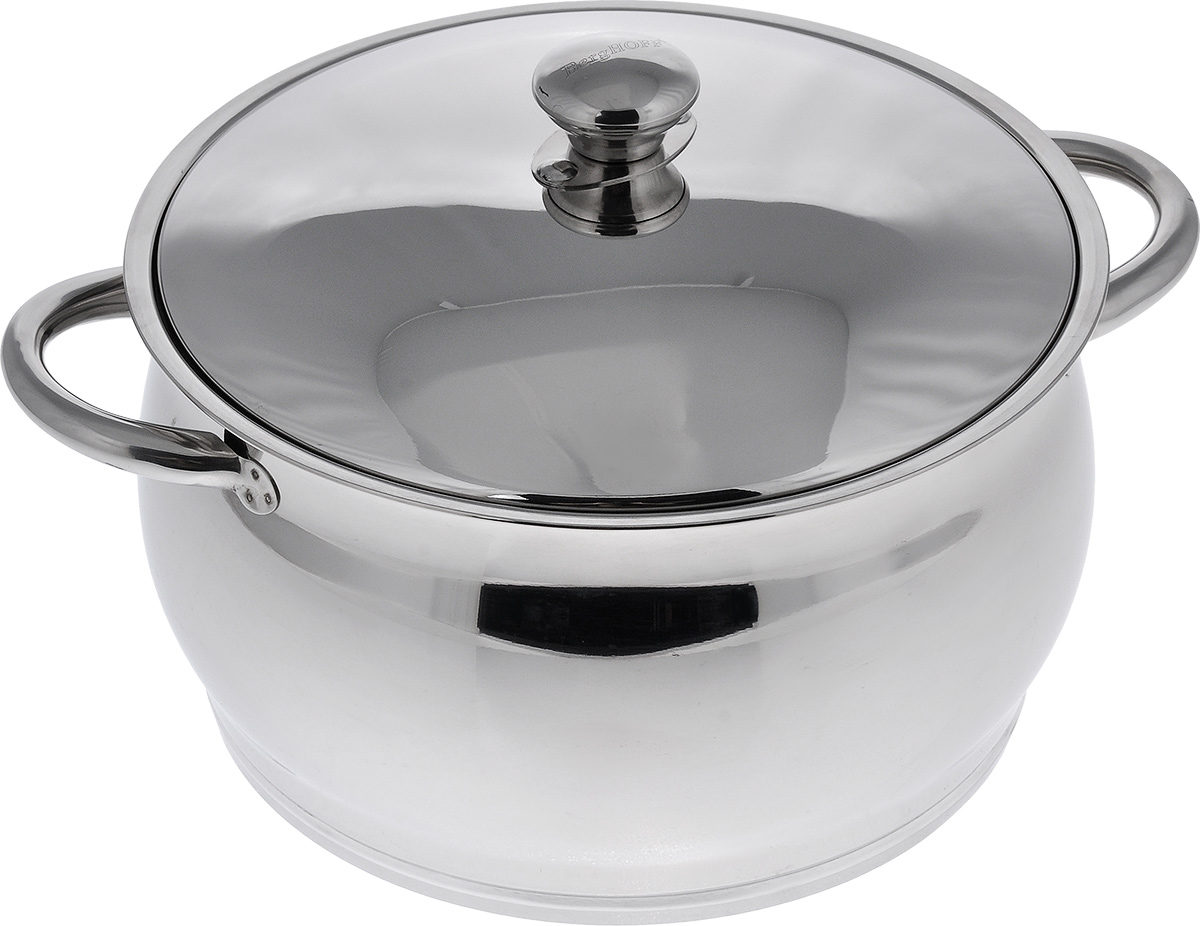 Кастрюля BergHOFF Zeno с крышкой, 6,6 л1101132 Кастрюля BergHOFF Zeno с крышкой, 6,6 л1101132Кастрюля BergHOFF Zeno выполнена из высококачественной нержавеющей стали, которая обладает бактериостатическими свойствами. Зеркальная полировка снаружи и внутри изделия обеспечивает превосходные антикоррозионные свойства материала (так как подобно пленке защищает внешнюю поверхность изделий и продлевает срок годности посуды), и значительно облегчает ее чистку. Термоаккумулирующее дно специальной конструкции с верхним открытым алюминиевым слоем и медным диском позволит теплу быстро и равномерно распределится по всей поверхности дна. Эргономичные ручки обеспечивают безопасный захват и удобство в поднятии изделия, крепятся к кастрюли точечной сваркой. В этой посуде можно готовить современным способом с небольшим количеством воды или без нее. Эта технология отлично подойдет для приготовления диетической пищи и блюд без соли, жарить без добавления жира, максимально сохраняя полезные компоненты продуктов. Подходит для всех типов плит, включая...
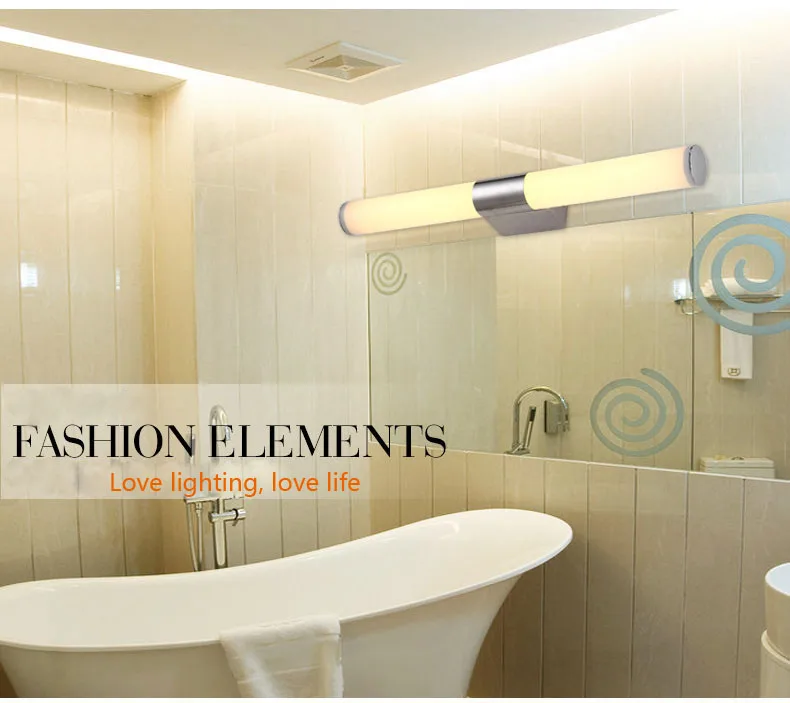 Contemporary stainless steel lights  bathroom led mirror light  vanity  lighting wall lamps 9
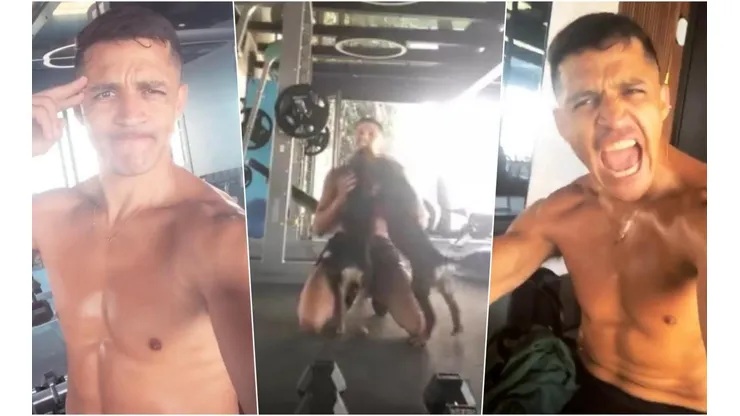 El duro entrenamiento de Alexis Sánchez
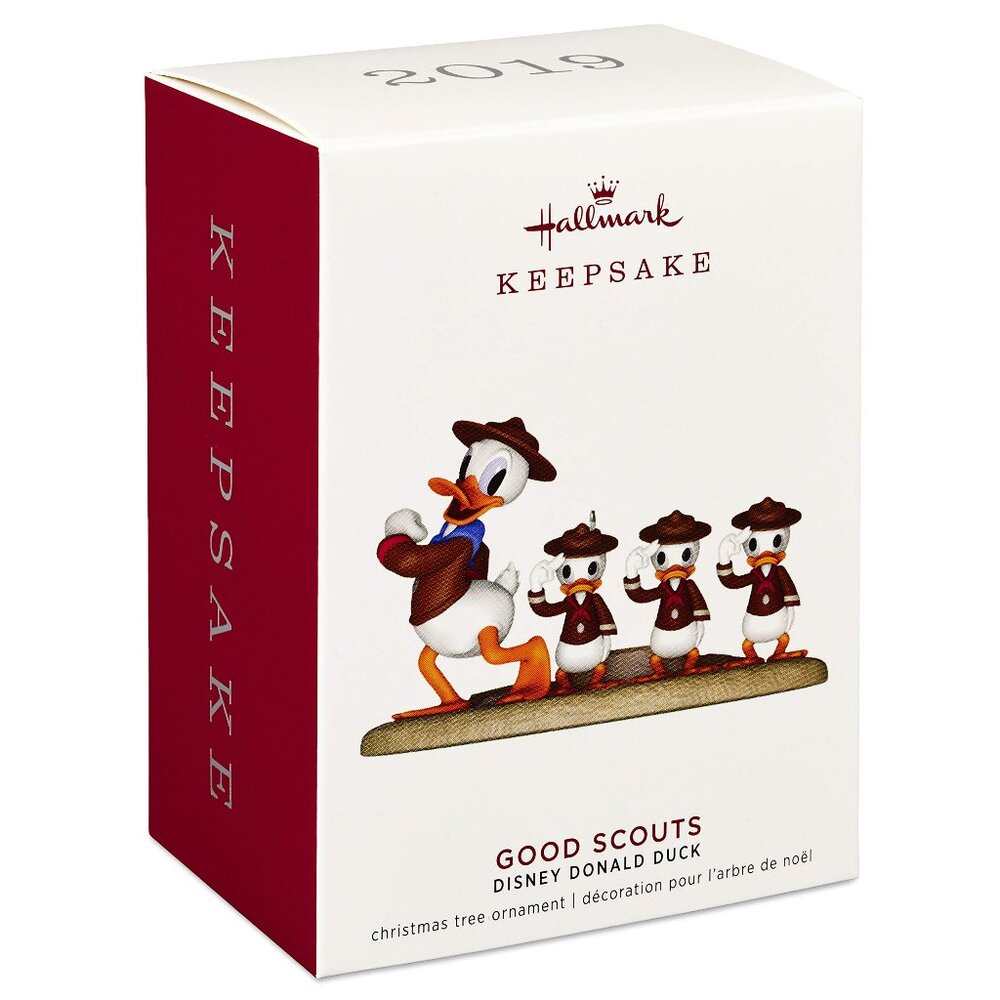 New! Donald Duck Boy Scouts Hallmark Keepsake Christmas Ornament 2019 Disney
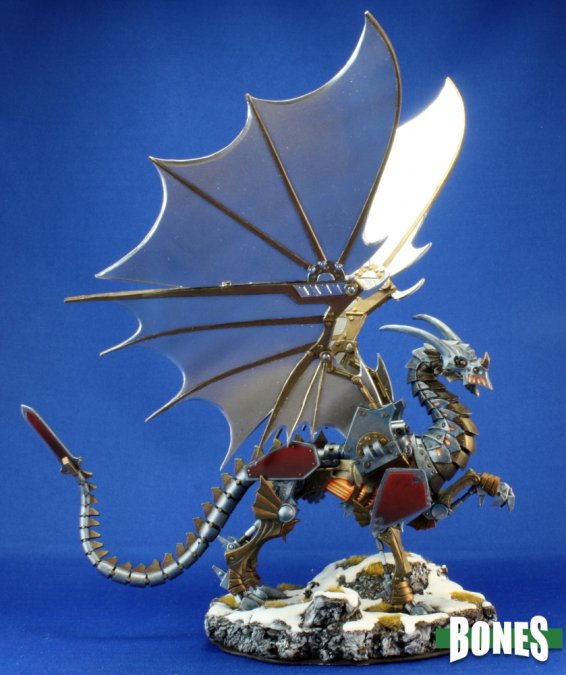 RPR 77177: Wyrmgear Clockwork Dragon - Bones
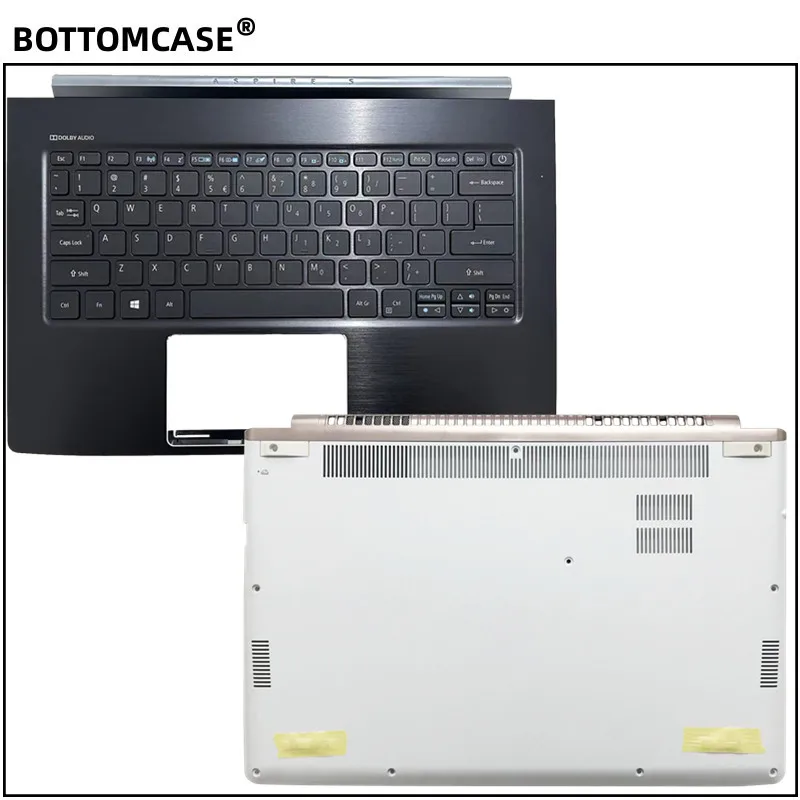 

New For BOTTOMCASE® S13 S5-371G SF514-51 N16C4 Laptop Upper Case Palmrest Cover with keyboard/Bottom Base Cover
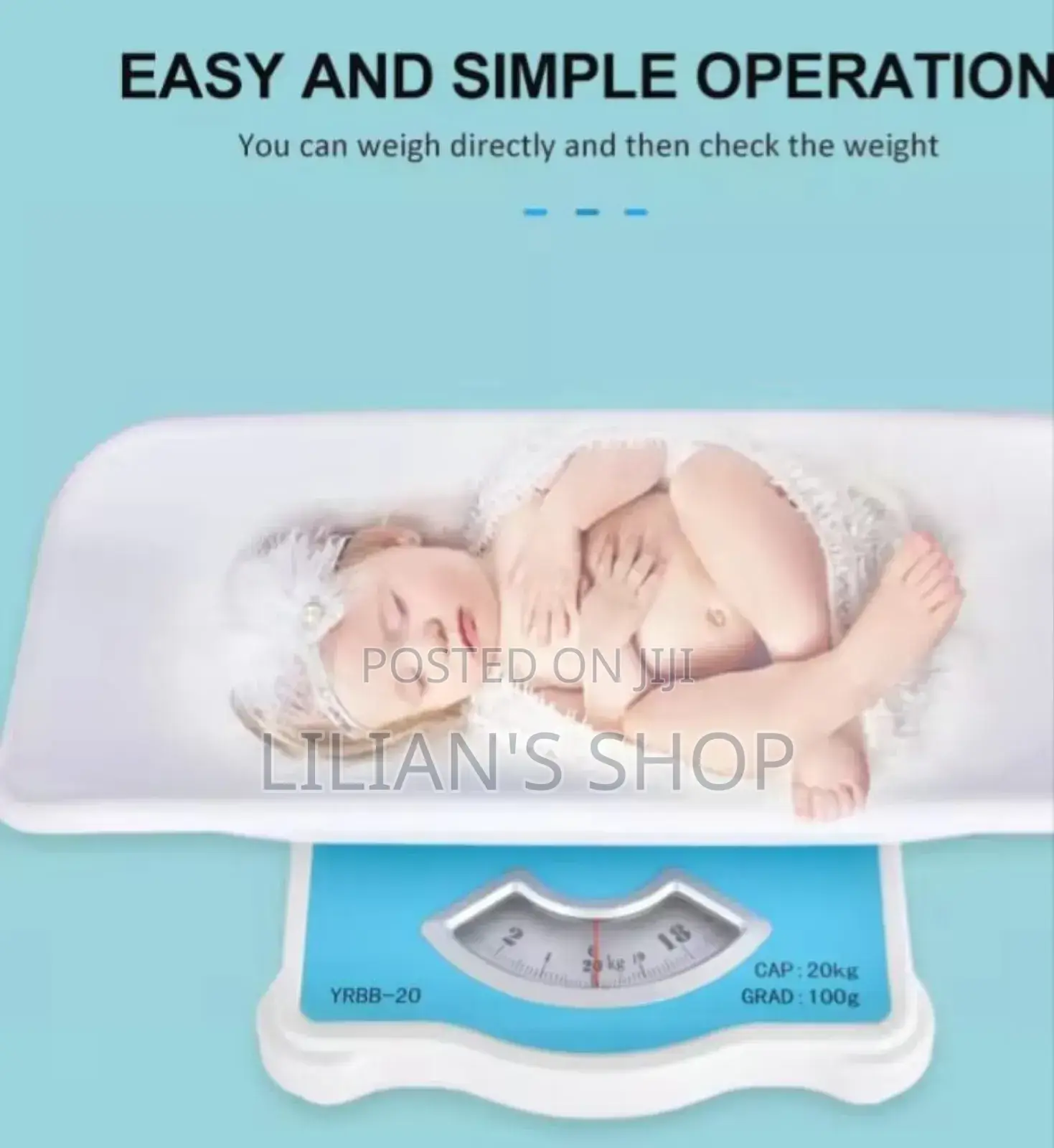 Kinlee Mechanical Baby Scale.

--------------------------------------------------

TASK> I would like you to retype exactly the lines running from the one containing "Contemporary stainless steel" to the last line of the entries, both included, leaving all pictures out.

ANSWER FOR THIS EXERCISE>
 Contemporary stainless steel lights  bathroom led mirror light  vanity  lighting wall lamps 9
 El duro entrenamiento de Alexis Sánchez
 New! Donald Duck Boy Scouts Hallmark Keepsake Christmas Ornament 2019 Disney
 RPR 77177: Wyrmgear Clockwork Dragon - Bones

New For BOTTOMCASE® S13 S5-371G SF514-51 N16C4 Laptop Upper Case Palmrest Cover with keyboard/Bottom Base Cover
 Kinlee Mechanical Baby Scale.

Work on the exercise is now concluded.